The Catholic Church was established by Jesus. We say the One Holy and Apostolic Church. We dont use the word ’ religion’ in the Creed. We use the word ‘Church’
 
Christianity is about God’s love for us because of his death on the cross.

When Jesus told Peter “You are my rock on which I will build my church.” Peter became the first pope.

At the institution of the Eucharist, Jesus said “this bread is my body” and “do this in memory of me”. He also instituted the sacrament of reconciliation, Thus we can say that God intended religion and the sacraments to be organised.

Catholics do not tithe, but we give donations out of our own free will in the collection bags.
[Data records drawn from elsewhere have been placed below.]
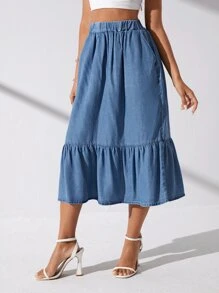 SHEIN Privé Women's Casual Denim Effect A-Line Skirt For Summer - Medium Wash - View 3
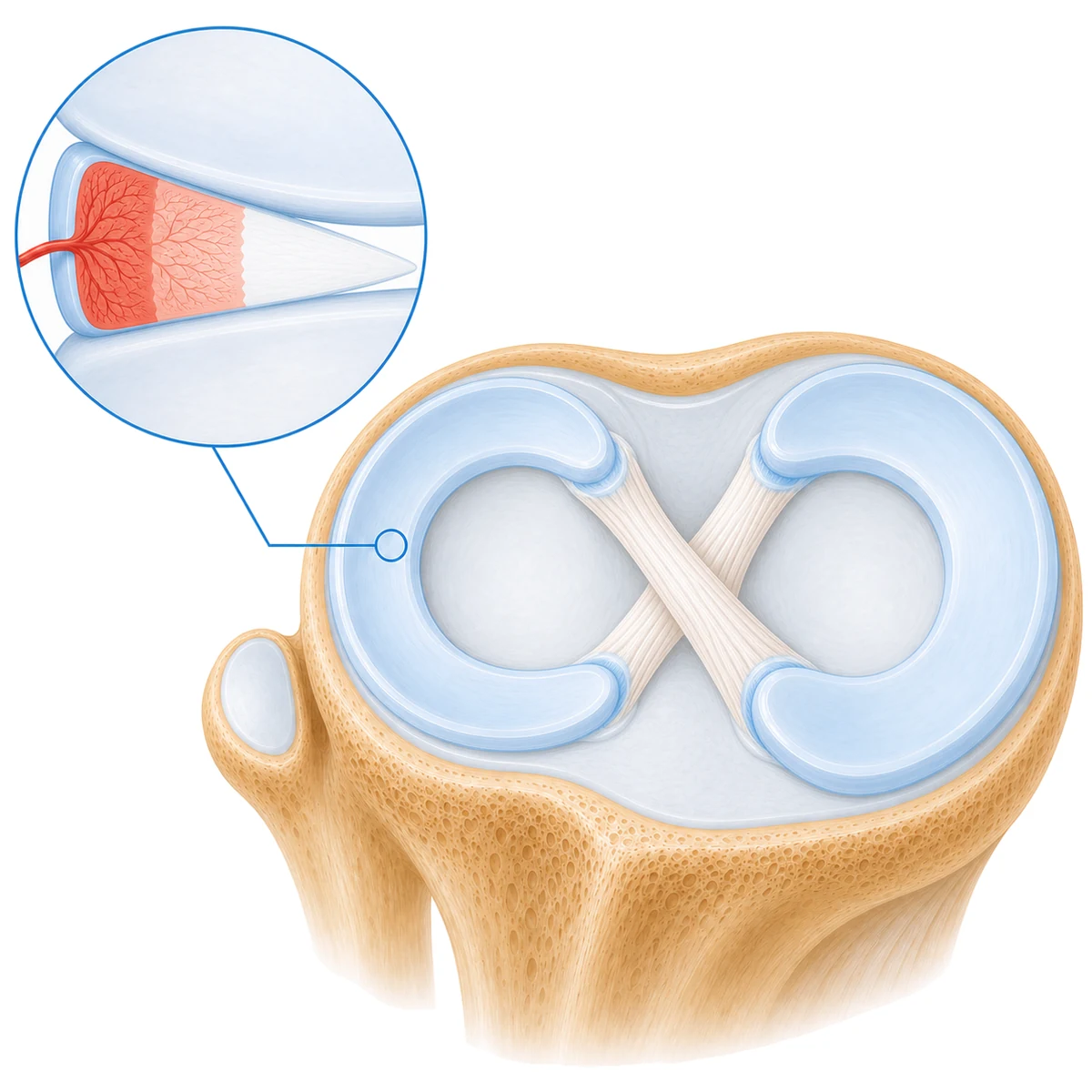 Cross-section illustration of the menisci on the tibial plateau, with a magnified cutaway showing blood vessels concentrated along the outer edge and little blood supply toward the inner tissue.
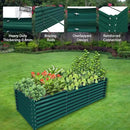 1 Pack 8x3x2FT Galvanized Raised Garden Bed Kit Retangular Metal Ground Planter Box Outdoor Bottomless Planter Raised Beds for Vegetables Flowers Herbs Fruits, Green by CozyNest Decor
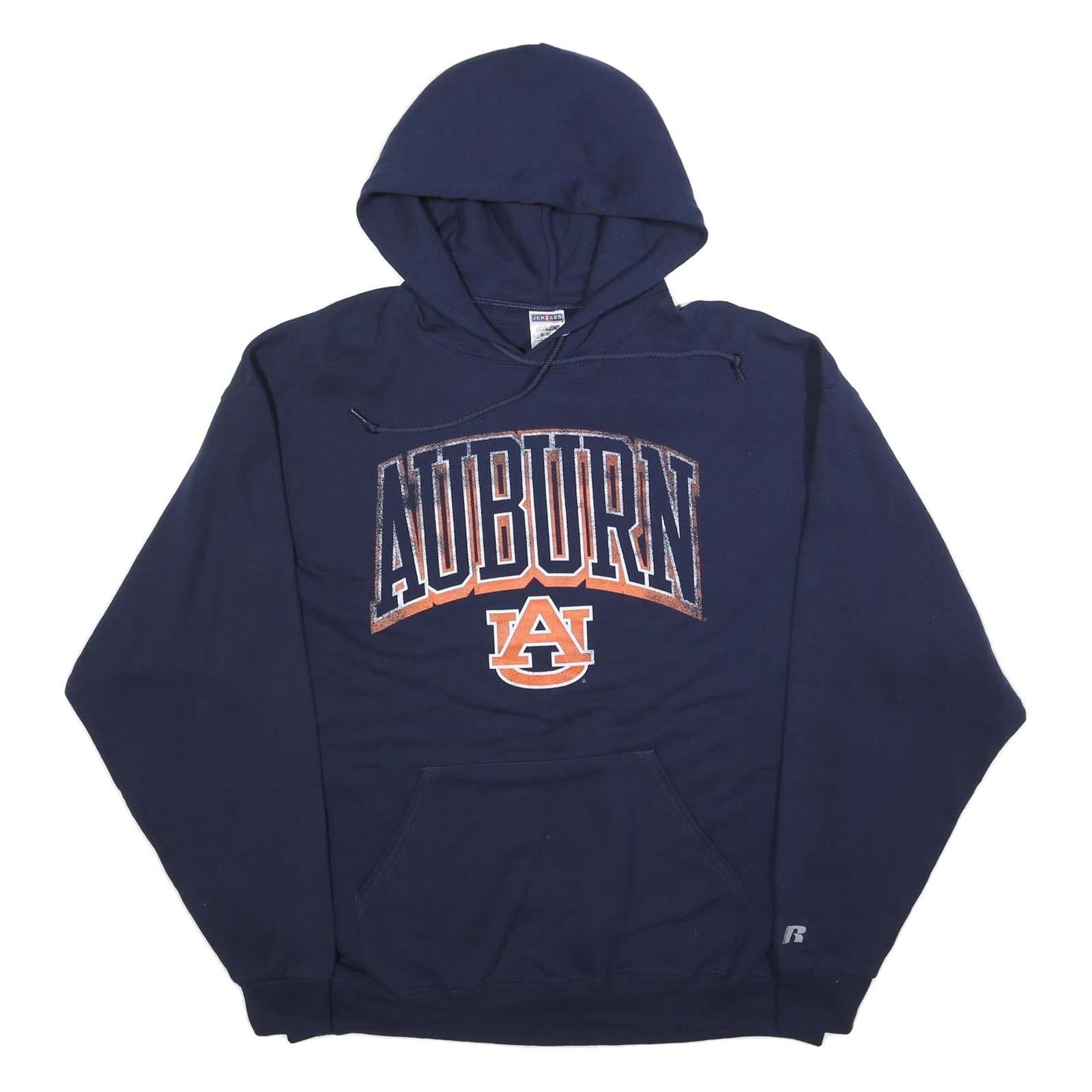 JERZEES Mens Navy Blue Auburn Logo Hoodie XL Cotton Blend Pullover Refurbished - N/A refurbished available on Cerqular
Catholicism does not control its members in any way; we do however get a homily about our behavior in relation to the Gospel message.
 
Withholding the Eucharist from errant politicians seems to be a means of religious control.
 
The passive voice often hides the subject. Ask for a restatement in the active voice:

Who created religion to control whom?
Great insight - thanks! That’s worth remembering for other contexts.
 
To the OP,

If you truly believe Religion was created to control people that is totally up to you Sir.

Thankfully millions of people disagree with your statement.
 
Religion - to bind oneself to God is God’s way to promote a virtuous people. Virtuous people have less need (and costs associated with) for government oversight and nuisance laws. A moral religious people is needed for a successful republic and the founders knew it.